■ **Your goal**
What is needed is a word-for-word copy of all the entries, minus the pictures.

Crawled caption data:
- Opening Delimiter -

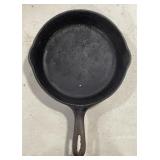 (H) Cast Iron Skillet Appr 9 in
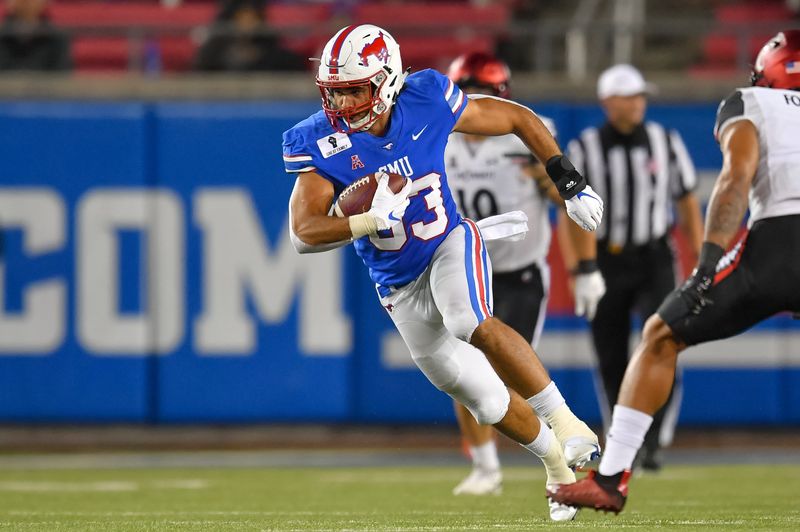 Oct 24, 2020; Dallas, Texas, USA; Southern Methodist Mustangs tight end Kylen Granson (83) makes a reception against Cincinnati Bearcats during the second half at Gerald J. Ford Stadium. Mandatory Credit: Tim Flores-USA TODAY Sports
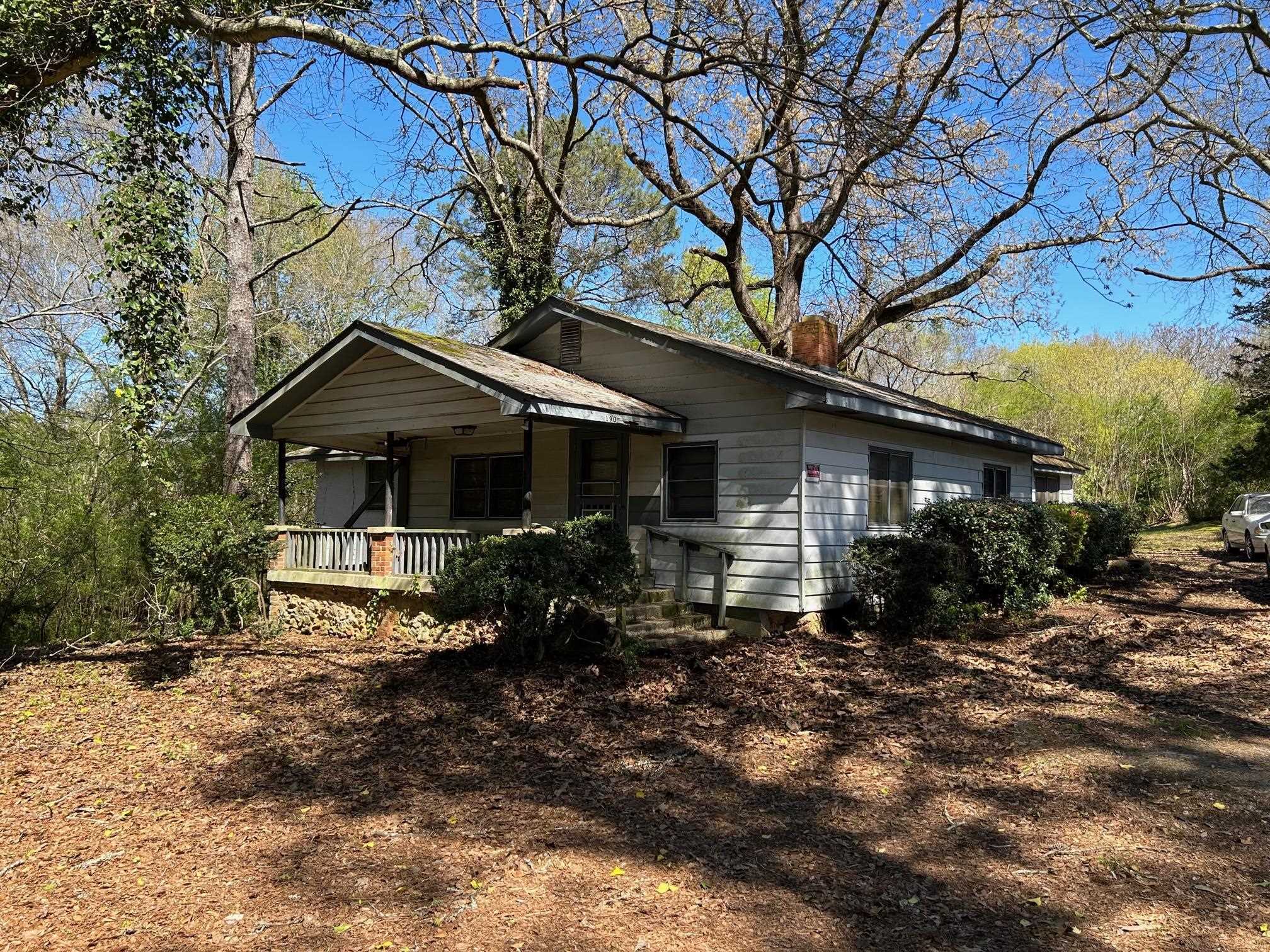 190 Bowles Dr — photo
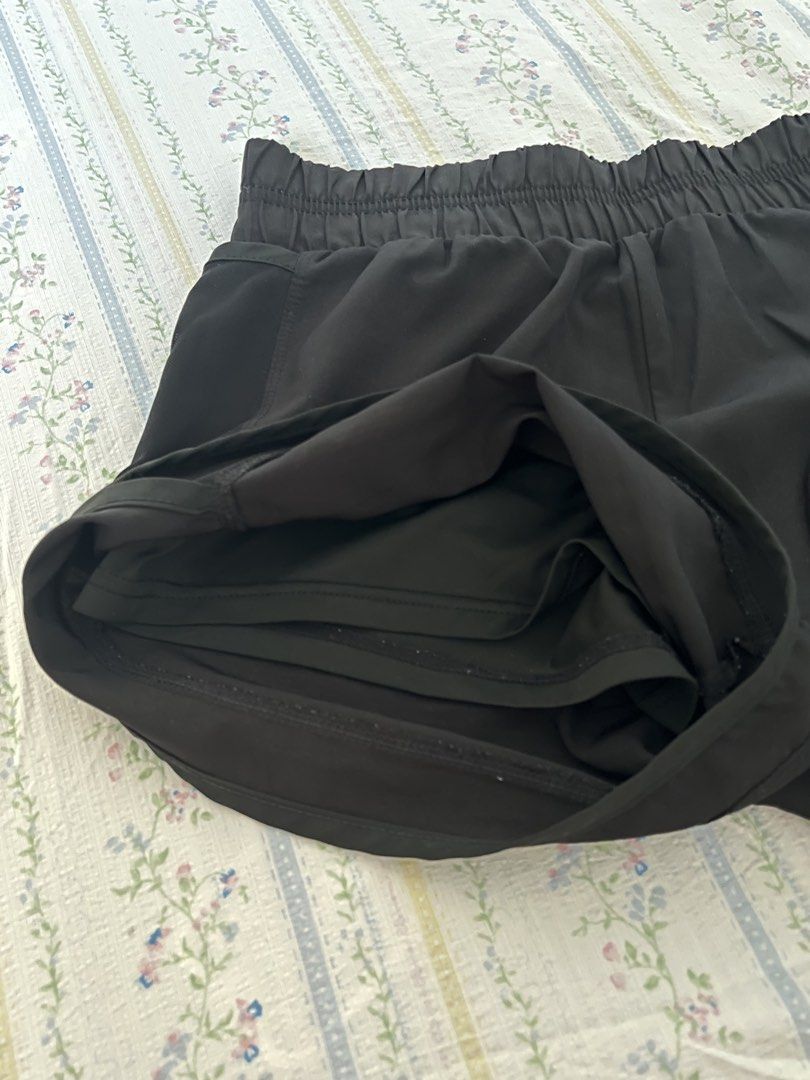 Workout shorts (Category: Activewear) located in Abucay. Submitted by carlanavrr (Listing ID 1470608449, Image 2). Description: .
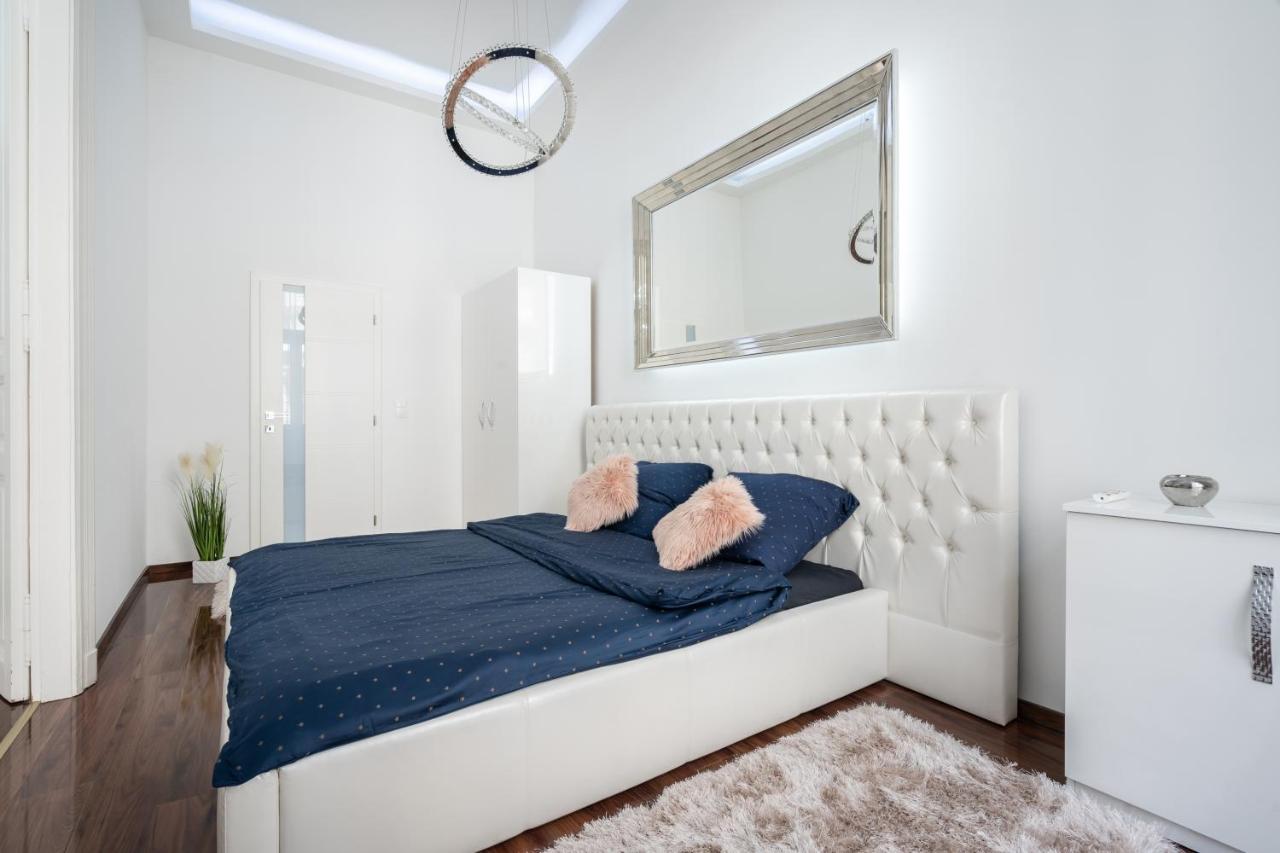Opera Balkony Luxury Apartment With Free Parking Budapest Extérieur photo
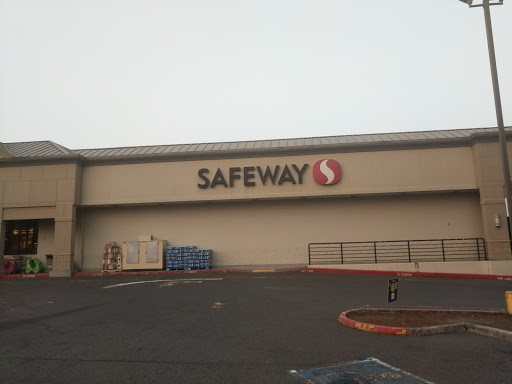 Grocery Store «Safeway», reviews and photos, 800 NE 3rd Ave, Camas, WA 98607, USA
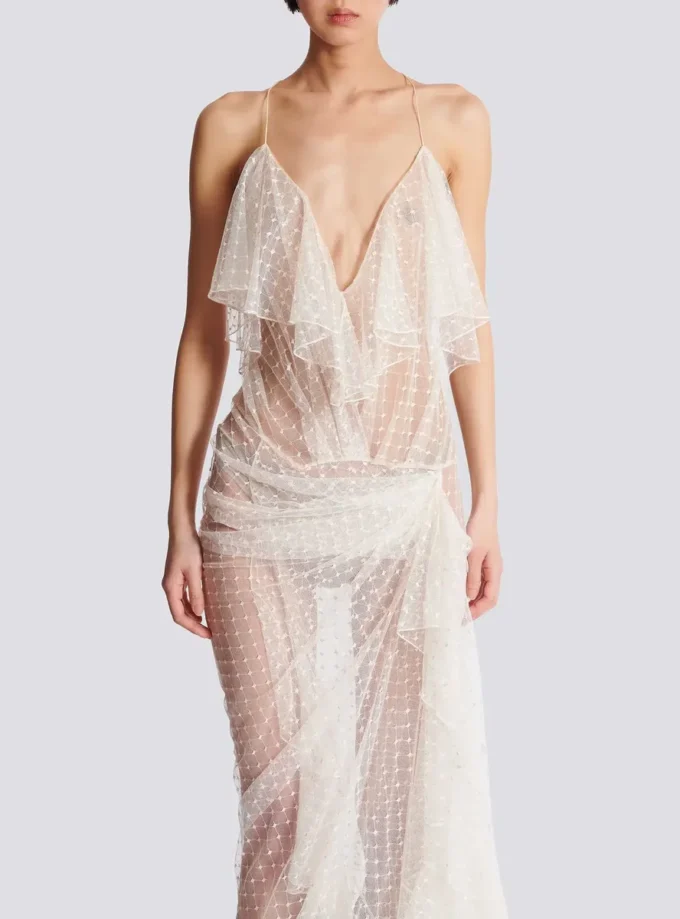 Langes, fließendes Kleid mit Spitzenrüschen Langes, fließendes Kleid mit Spitzenrüschen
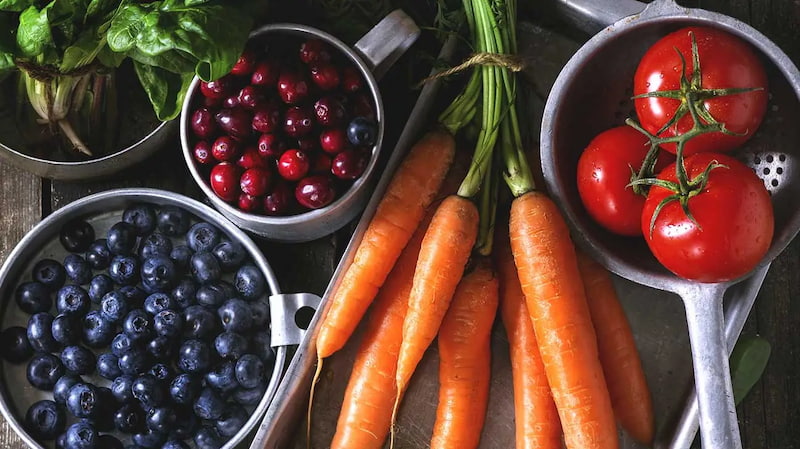 Vitamin hoạt động dưới dạng coenzym hỗ trợ thực hiện hàng nghìn phản ứng hóa học trong cơ thể.  (Ảnh: Sưu tầm Internet)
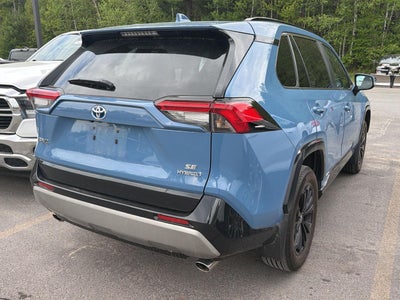 2024 Toyota RAV4 Hybrid SE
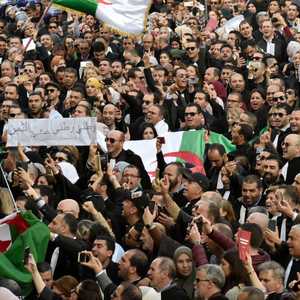 المحامون انضموا إلى التظاهرات الحاشدة يوم الخميس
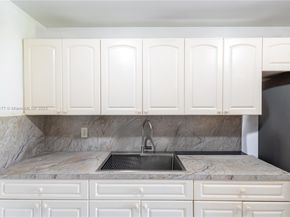 2651 NW 13th St 43, Miami FL 33125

- Closing Delimiter -

■ **Task solution**
 (H) Cast Iron Skillet Appr 9 in
 Oct 24, 2020; Dallas, Texas, USA; Southern Methodist Mustangs tight end Kylen Granson (83) makes a reception against Cincinnati Bearcats during the second half at Gerald J. Ford Stadium. Mandatory Credit: Tim Flores-USA TODAY Sports
 190 Bowles Dr — photo
 Workout shorts (Category: Activewear) located in Abucay. Submitted by carlanavrr (Listing ID 1470608449, Image 2). Description: .
Opera Balkony Luxury Apartment With Free Parking Budapest Extérieur photo
 Grocery Store «Safeway», reviews and photos, 800 NE 3rd Ave, Camas, WA 98607, USA
 Langes, fließendes Kleid mit Spitzenrüschen Langes, fließendes Kleid mit Spitzenrüschen
 Vitamin hoạt động dưới dạng coenzym hỗ trợ thực hiện hàng nghìn phản ứng hóa học trong cơ thể.  (Ảnh: Sưu tầm Internet)
 2024 Toyota RAV4 Hybrid SE
 المحامون انضموا إلى التظاهرات الحاشدة يوم الخميس
 2651 NW 13th St 43, Miami FL 33125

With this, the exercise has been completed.